One of the energy efficiency technologies that’s quickly gaining popularity as a utility savings solution is Variable Refrigerant Flow, or VRF. Although VRF has been used for decades in Europe and Japan – where it’s found in half of all mid-sized office buildings – it’s only recently caught on in the United States. VRF refers to the system’s ability to regulate the amount of refrigerant flowing to each of its evaporators, allowing for more individualized comfort control within a building. This means that some sections of a building can be chilled while other sections are warmed, so that rooms housing servers or other IT equipment stay cool while office space is heated. VRF also saves energy in situations where sunlight is providing natural warmth to one side of the building while the other side is being shaded.
Another new technology recently making inroads goes by the unusual name of DeVAP, short for Desiccant Enhanced Evaporative. DeVAP HVAC systems use a cooling method based on evaporation – the same principal that makes you feel cold when you first come out of a swimming pool and the air hits your wet skin. DeVAP systems contain an absorbent material that soaks up water like a sponge. A fan then blows air through the material, causing the water to evaporate and cooling the air that is then circulated through the system.
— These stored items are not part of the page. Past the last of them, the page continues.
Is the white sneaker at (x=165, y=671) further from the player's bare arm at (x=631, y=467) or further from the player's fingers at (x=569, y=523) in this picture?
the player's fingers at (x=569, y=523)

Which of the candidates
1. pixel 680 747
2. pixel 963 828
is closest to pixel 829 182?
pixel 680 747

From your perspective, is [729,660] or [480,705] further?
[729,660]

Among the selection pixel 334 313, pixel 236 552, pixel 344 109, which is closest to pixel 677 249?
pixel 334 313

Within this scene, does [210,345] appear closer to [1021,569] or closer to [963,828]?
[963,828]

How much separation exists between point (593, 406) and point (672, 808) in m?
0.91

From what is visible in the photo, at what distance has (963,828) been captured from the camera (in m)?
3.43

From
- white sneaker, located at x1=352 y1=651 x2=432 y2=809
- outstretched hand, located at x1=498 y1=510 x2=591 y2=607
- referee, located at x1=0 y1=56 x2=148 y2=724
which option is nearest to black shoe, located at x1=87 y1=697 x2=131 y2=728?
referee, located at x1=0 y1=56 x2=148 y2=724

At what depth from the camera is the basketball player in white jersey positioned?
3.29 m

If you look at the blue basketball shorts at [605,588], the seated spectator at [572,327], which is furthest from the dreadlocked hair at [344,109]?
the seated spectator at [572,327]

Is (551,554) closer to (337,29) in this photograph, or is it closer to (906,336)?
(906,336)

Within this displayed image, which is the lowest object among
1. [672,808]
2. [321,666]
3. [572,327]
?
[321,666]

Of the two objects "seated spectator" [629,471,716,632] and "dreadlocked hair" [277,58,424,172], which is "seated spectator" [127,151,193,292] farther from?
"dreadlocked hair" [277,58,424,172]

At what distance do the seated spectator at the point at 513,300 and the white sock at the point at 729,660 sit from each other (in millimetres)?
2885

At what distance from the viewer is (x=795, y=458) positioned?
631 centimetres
A desiccant is used to absorb the humidity, so the DeVAP system can produce the same kind of cool, dry air that an air conditioner does – but using much less energy and no harmful refrigerants.
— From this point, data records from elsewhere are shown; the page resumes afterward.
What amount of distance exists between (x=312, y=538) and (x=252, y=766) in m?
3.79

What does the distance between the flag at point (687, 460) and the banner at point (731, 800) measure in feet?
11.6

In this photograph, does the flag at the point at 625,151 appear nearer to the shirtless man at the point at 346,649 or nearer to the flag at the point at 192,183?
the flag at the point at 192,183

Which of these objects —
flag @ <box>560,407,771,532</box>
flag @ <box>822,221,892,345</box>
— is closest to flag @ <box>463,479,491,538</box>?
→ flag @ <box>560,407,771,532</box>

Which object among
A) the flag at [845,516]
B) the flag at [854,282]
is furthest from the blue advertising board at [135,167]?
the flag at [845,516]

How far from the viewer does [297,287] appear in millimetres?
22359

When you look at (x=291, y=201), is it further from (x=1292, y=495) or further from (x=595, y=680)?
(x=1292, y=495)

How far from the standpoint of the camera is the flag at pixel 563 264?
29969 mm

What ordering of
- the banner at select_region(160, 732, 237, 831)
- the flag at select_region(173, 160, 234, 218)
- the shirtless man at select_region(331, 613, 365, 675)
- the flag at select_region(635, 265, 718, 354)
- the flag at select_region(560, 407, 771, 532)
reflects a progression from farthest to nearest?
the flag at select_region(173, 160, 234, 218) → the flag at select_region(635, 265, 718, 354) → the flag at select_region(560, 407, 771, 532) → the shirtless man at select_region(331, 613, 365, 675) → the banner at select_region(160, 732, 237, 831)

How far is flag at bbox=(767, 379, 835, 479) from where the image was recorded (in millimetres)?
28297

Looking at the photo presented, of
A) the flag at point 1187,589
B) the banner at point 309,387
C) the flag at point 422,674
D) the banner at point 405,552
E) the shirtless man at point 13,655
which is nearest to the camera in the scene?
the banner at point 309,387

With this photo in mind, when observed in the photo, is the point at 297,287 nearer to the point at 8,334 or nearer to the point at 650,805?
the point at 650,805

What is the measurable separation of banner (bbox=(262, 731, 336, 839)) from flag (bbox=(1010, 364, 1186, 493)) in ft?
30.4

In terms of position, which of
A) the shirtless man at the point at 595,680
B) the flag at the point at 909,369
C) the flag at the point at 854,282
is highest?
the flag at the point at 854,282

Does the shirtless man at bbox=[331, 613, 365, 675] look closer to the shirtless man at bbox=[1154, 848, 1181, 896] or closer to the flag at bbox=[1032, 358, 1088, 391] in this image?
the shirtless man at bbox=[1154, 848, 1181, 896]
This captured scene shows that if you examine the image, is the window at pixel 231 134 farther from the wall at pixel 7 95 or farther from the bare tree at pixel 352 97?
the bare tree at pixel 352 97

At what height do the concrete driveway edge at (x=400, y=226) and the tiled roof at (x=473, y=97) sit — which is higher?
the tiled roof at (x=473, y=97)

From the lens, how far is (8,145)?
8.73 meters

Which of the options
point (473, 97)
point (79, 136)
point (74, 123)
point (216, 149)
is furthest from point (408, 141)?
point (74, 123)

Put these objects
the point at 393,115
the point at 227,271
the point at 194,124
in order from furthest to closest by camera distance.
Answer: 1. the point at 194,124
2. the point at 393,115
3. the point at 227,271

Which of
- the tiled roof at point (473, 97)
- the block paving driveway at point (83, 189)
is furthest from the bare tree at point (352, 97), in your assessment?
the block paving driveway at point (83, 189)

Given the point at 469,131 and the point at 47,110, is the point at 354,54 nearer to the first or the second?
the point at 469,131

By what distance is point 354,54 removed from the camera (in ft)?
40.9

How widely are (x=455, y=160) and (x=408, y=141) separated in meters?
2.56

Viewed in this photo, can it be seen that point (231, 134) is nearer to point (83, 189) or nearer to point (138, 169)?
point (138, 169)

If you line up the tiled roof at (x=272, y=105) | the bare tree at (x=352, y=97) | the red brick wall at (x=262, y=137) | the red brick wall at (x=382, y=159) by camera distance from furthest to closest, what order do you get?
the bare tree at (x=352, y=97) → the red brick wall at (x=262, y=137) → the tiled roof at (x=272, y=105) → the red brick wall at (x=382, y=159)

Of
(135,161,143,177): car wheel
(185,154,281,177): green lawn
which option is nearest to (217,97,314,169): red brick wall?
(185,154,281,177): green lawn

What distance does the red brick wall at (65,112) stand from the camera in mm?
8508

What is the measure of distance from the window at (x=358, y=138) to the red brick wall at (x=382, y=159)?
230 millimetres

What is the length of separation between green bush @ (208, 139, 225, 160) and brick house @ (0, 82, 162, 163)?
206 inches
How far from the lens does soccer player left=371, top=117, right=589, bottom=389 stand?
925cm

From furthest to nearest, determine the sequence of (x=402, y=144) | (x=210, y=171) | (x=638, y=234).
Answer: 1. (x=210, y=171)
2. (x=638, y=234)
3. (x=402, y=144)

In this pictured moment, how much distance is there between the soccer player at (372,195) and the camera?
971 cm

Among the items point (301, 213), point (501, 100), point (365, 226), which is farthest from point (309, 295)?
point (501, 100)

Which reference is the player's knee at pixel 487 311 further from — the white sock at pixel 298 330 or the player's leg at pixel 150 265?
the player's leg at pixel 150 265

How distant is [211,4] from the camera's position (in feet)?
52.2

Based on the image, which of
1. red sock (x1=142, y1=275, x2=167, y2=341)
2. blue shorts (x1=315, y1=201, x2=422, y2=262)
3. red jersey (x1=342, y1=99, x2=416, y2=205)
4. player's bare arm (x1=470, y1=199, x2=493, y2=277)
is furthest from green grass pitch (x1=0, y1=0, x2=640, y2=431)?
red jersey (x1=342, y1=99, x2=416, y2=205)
Any discussion of recent advances in the energy efficiency of HVAC equipment would be incomplete without mentioning the even greater achievements that have occurred in the last few years with energy management technology. Incorporating an energy management system into your building’s heating and cooling functions will maximize your energy savings. An automated control system will constantly monitor temperature and airflow levels throughout your building, and automatically adjust the operation of blowers, condensers, compressors and fans to ensure maximum efficiency. These systems can now be connected to an app that allows a building owner or manager to monitor HVAC performance from their phones and make adjustments remotely if needed. Automated systems can also perform diagnostics that alert the owner or manager to parts of the HVAC system that may need maintenance or replacement. These alerts can prevent system breakdowns before they occur. Energy management functions can be incorporated into a more all-encompassing building control system which also monitors lighting, security, fire protection and other building operations.
The nature of technology is that it continues to innovate as science comes up with new and better solutions to the issues we face. HVAC technology has improved dramatically in recent years as energy efficiency equipment and web-based management systems have reduced energy costs, increased comfort levels and improved indoor air quality. What it all boils down to is that there’s no time like the present to upgrade your business’ HVAC system.